# Someone please help...My husband inappropriate conversation



## See1drea (Sep 11, 2012)

Hello,

I really need someone to give me some advise...please I need help.

My husband and I have been married for almost ten years. Throughout the years he has always develop relationships with his co workers mostly women because of the field that he is in. I Found out recently that he had an inappropriate relationship with one of his co workers. My husband said he gave this co worker a complement regarding her hair...from there she wanted more attention so she called him all the time. She always wanted to go for lunch with him...which he would go sometime. She send him email saying I miss you for which he reply miss you too. It broke my heart when I saw these emails. According to my husband she asked him if he did not have a seven year hitch yet from his marriage...that is when he told her that there relationship was inappropriate and should be stop. I found out about this 4am in the morning when my husband black when off with a text from this co worker saying "you're right" that is when my husband came clean with me....I am not sure what to believe and if my husband is being honest about everything. Anyways, three months later and again i notice an email conversation with my husband a different co worker talking about his muscles, my husband sent a picture of a man in a muscle t and a shorts saying for your imagination, she reply that all the muscle you have, he reply saying is muscle is grey not black, she saying is it that old....am I reading into things are should be worried about what going with my husband....and aren't these conversation inappropriate????


----------



## WalkingInLight (Aug 14, 2012)

See1drea said:


> Hello,
> 
> I really need someone to give me some advise...please I need help.
> 
> My husband and I have been married for almost ten years. Throughout the years he has always develop relationships with his co workers mostly women because of the field that he is in. I Found out recently that he had an inappropriate relationship with one of his co workers. My husband said he gave this co worker a complement regarding her hair...from there she wanted more attention so she called him all the time. She always wanted to go for lunch with him...which he would go sometime. She send him email saying I miss you for which he reply miss you too. It broke my heart when I saw these emails. According to my husband she asked him if he did not have a seven year hitch yet from his marriage...that is when he told her that there relationship was inappropriate and should be stop. I found out about this 4am in the morning when my husband black when off with a text from this co worker saying "you're right" that is when my husband came clean with me....I am not sure what to believe and if my husband is being honest about everything. Anyways, three months later and again i notice an email conversation with my husband a different co worker talking about his muscles, my husband sent a picture of a man in a muscle t and a shorts saying for your imagination, she reply that all the muscle you have, he reply saying is muscle is grey not black, she saying is it that old....am I reading into things are should be worried about what going with my husband....and aren't these conversation inappropriate????

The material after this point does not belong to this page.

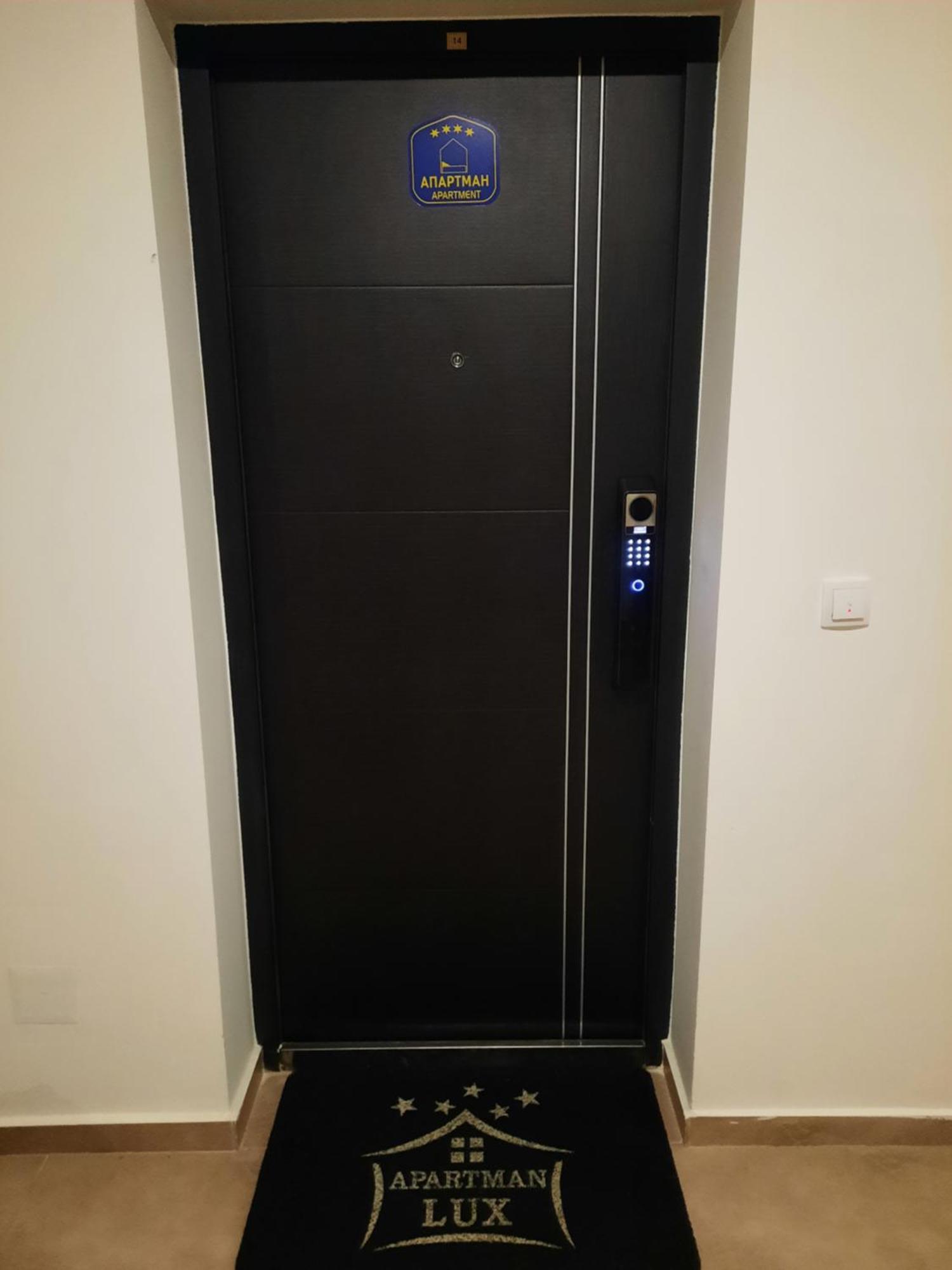 Apartman Lux-Besplatno Koriscenje Zasebne Garaze Sremska Mitrovica Extérieur photo
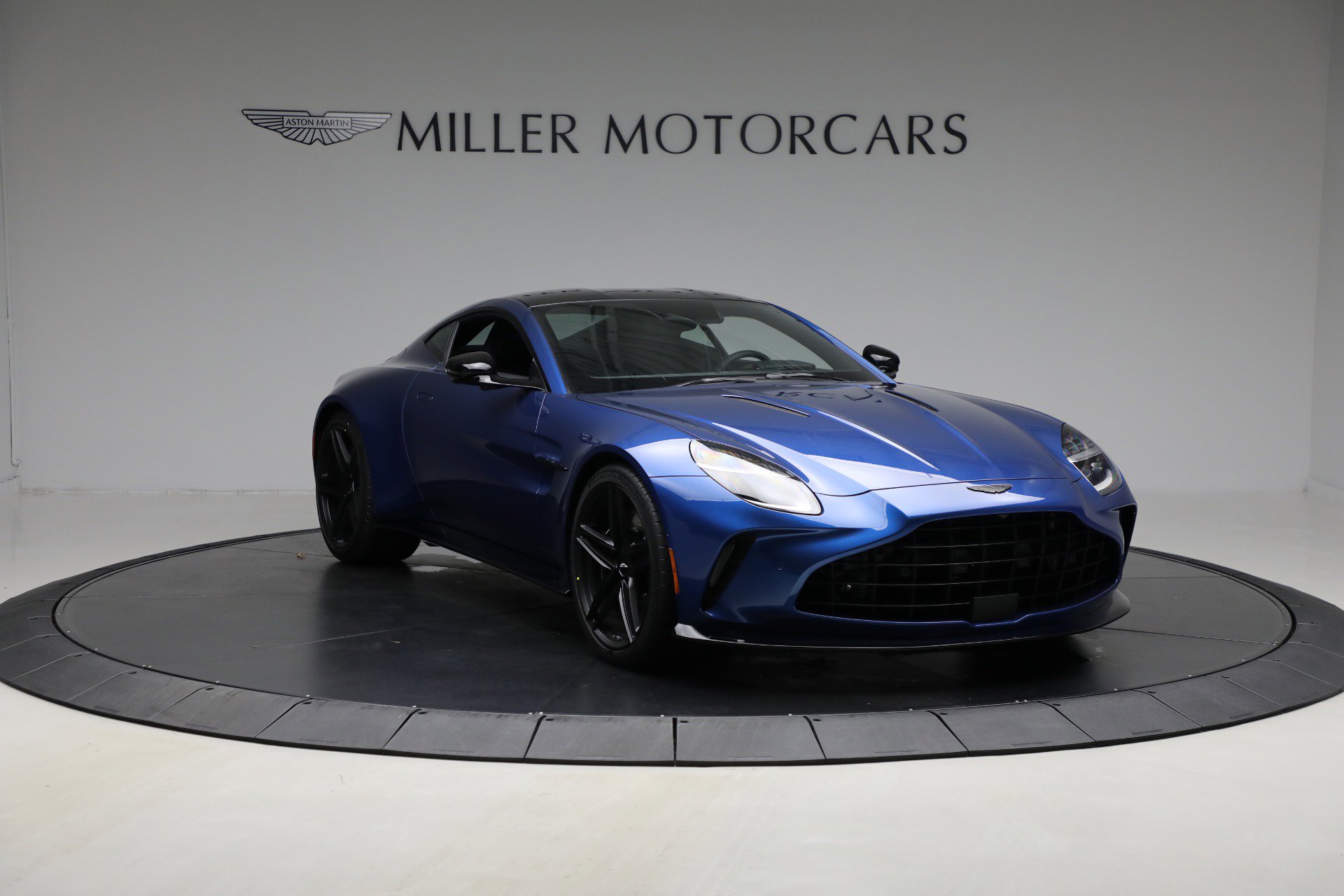 Used 2025 Aston Martin V8 Vantage Coupe image 11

My advice would be to take your story to the coping with infidelity section. What your husband is doing is not just "inappropriate," it is cheating. Emotional Affairs, such as the ones your husband seems intent on fermenting, often lead to physical affairs - not all the time, but it's something you should be aware of.

All the best.


----------



## underwater2010 (Jun 27, 2012)

I am a BS due to EA....he is walking a fine line right now. It starts at general conversation, flirting, lunches, coffee and then PA. You need to put your foot down on these "friendships". He is not showing concern for proper bounderies. Let him know that he can also be brought up on sexual harrasement charges by these coworkers if things go bad.


----------



## See1drea (Sep 11, 2012)

The first incident that I knew about I spoke to the woman myself and told her how inappropriate the conversation with my husband was...he said she it was just jokes and I told her there was nothing funny about it. My husband said I was getting worked up for nothing because he tried telling her not to email him or call him about inappropriate jokes but she would not listen...my husband is very well dress at work and later he getting even more dress up and after seeing this email I am even more worried


----------